We can try different functions $F$ (which determines the precision of the world model’s predictions, some functions $F$ will show programming as a potentially valuable strategy, and others won’t, depending on whether or not $F$ keeps track of electrons or not.) The agent picks the action with the highest expected utility across all choices of $F$ .

(There’s an issue of how the agent is to predict its own future actions. One simplifying assumption that I sometimes like to make in this kind of very abstract “let’s think of an agent design” discussion is to suppose that the agent only needs to make a single (possibly very complex) decision in the entire history of the universe. The rationale is that the agent can decide in advance “if A happens, then I’m going to do X”, and “if B happens then I’m going to do Y”. So if we pack all those future potential observations and actions into single decision made right at the start.
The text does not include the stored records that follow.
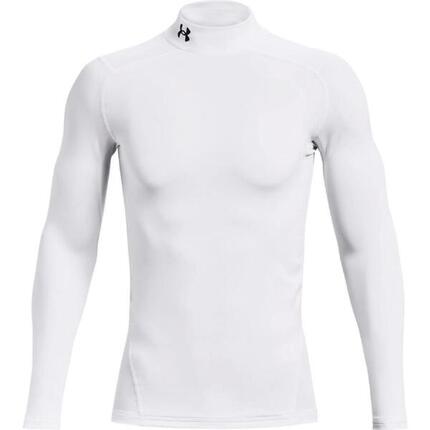 Maillot de compression à manches longues Under Armour ColdGear Mock Blanc -Under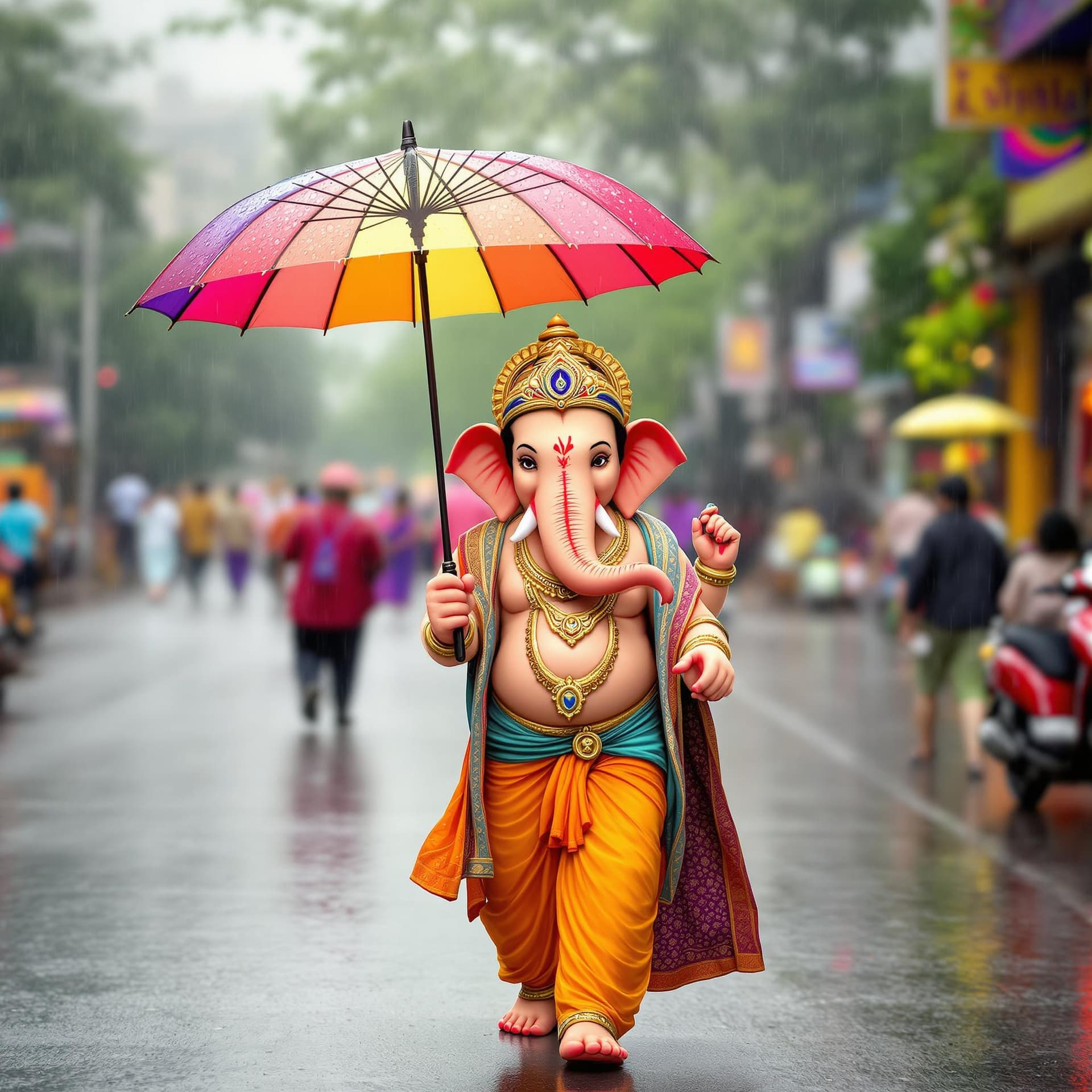 AI generated:  Ganesh Ji, the revered Hindu deity, strolling down a bustling road. He holds a colorful umbrella in...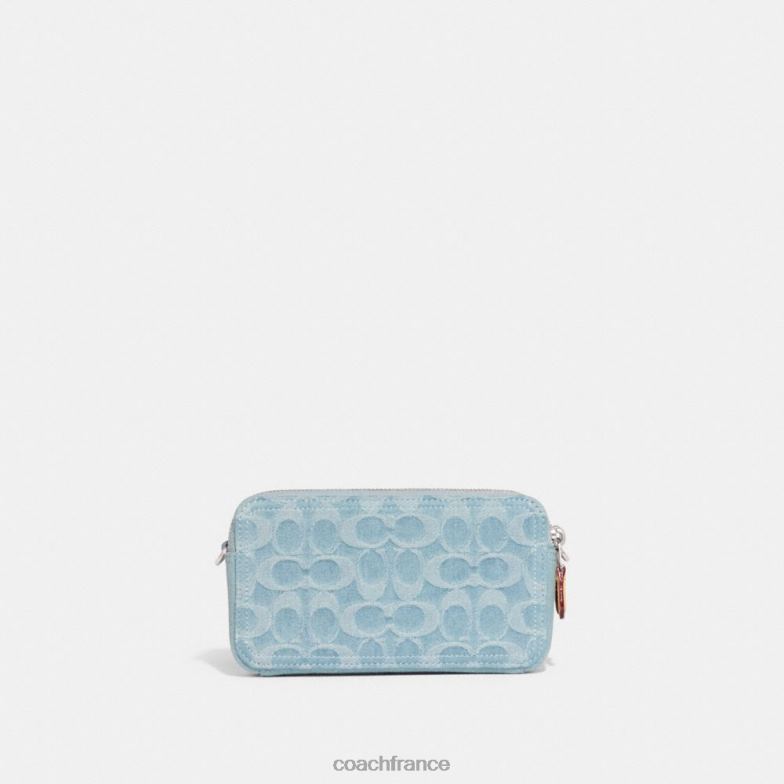 Coach femmes sac à bandoulière Kira en denim signature gauche/bleu pâle HHR6J312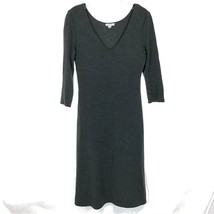 Womens Size Small Garnet Hill Gray Vintage Pure Wool Fit and Flare Midi Dress - £25.84 GBP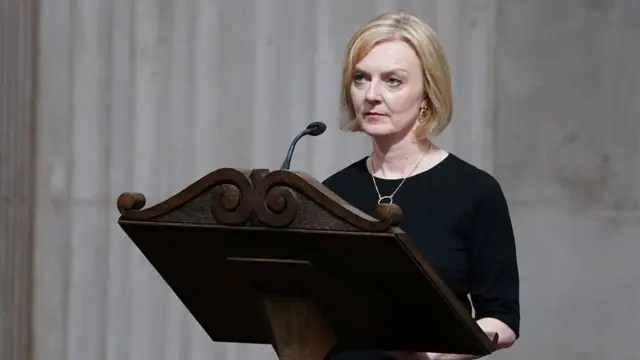 A nova premiê britânica Liz Truss fez um discurso durante a cerimônia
This works so long as we’re very unconstrained in terms of compute (i.e. we have exponential amounts of compute).)

lsusr

It sounds like $D$ is a quine.

DaemonicSigil

That depends on which choice of $F$ we’re working with. If it ignores the exact positions of electrons (or even just the positions of the electrons inside the robot), then it’s not a quine. If $F$ does map information about the inner workings of the bot into $D$ then there would be at least some self reference. In an extreme case where $F$ ’s output is just the contents of the $D$ data store, then that’s quite a lot like a quine. Except that the contents of $D$ change over time as the robot considers different actions and uses different functions $F$ to try and analyze the world. The contents of $D$ after the robot has already decided on an action are almost uninteresting, it’s just whatever possibility the robot last searched.

lsusr

I guess it’s not a perfect quine. The important thing is that $D$ sometimes (especially for smart, powerful robots) must reference itself, without contradiction. There exist some functions $F$ such that this self-reference imposes a constraint on $D$ .

DaemonicSigil

Okay, so if $F$ takes the whole world-history (and predicted future) as input, then we can consider some particular recursive $F_{r}$ that looks in particular at the robot’s thoughts at the time when it was analyzing the universe using $F_{r}$ , and then it just dumps the data in finds in $D$ to output. (We can also consider the paradoxical $F_{r}^{'}$ , which inverts all the bits before dumping them. Which I guess means that the world model can’t be powerful enough to model itself too well.)

lsusr

Correct. When a world model becomes too powerful, it cannot model itself. If a powerful world model cannot model itself, then it cannot model the world. If a powerful world model cannot model the world…then the orthogonality thesis shatters under its own weight.